Previous Telltale games have never been challenging in the achievement department and The Walking Dead: Michonne
continues the trend. Simply play through the episode and you'll grab all available achievements and gamerscore. As there are only three episodes in total, each episode will bag you a bigger portion of the overall score, so for an easy 330G, look no further.

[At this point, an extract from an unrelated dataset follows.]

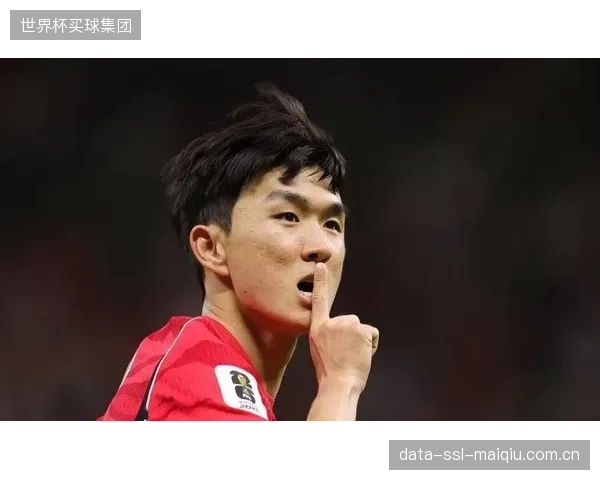旅欧中场双核黄仁范与黄喜灿的表现，将决定韩国队能否在中场对抗中不落下风。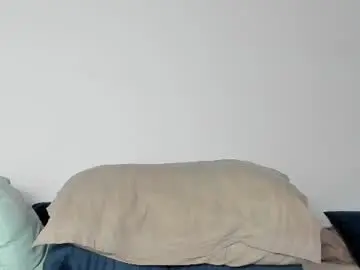Chaturbate Free Live Porn of 10in_deluxe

SummaryThe Walking Dead: Michonne
"In Too Deep" is easily one of the shortest episodes to be released and won't take you long to complete, but Michonne is an intriguing character and she has a lot of emotional baggage. Seeing how she will develop in the next two episodes is enough to make you want to come back for more. Those who decide to jump into the game will likely have experienced Telltale in one form or another; the gameplay remains the same as previous TellTale experiences and occasional lag unfortunately creeps back in. Don't expect something quite as major as the previous The Walking Dead
Telltale titles, or even other series, but if you come in with expectations of a peek into the life of someone new, you will be satisfied with what you get.
- Good development of Michonne's personality
- Interesting battle sequences
- A bit on the short side
- Cracks starting to show in Telltale formula
The reviewer spent just short of 1.5 hours playing through the episode, slicing up walkers and seeing yet more people's lives in misery. All 7 of the episode's achievements were earned along the way. A digital code for the game was provided by the publishers for the purpose of this review.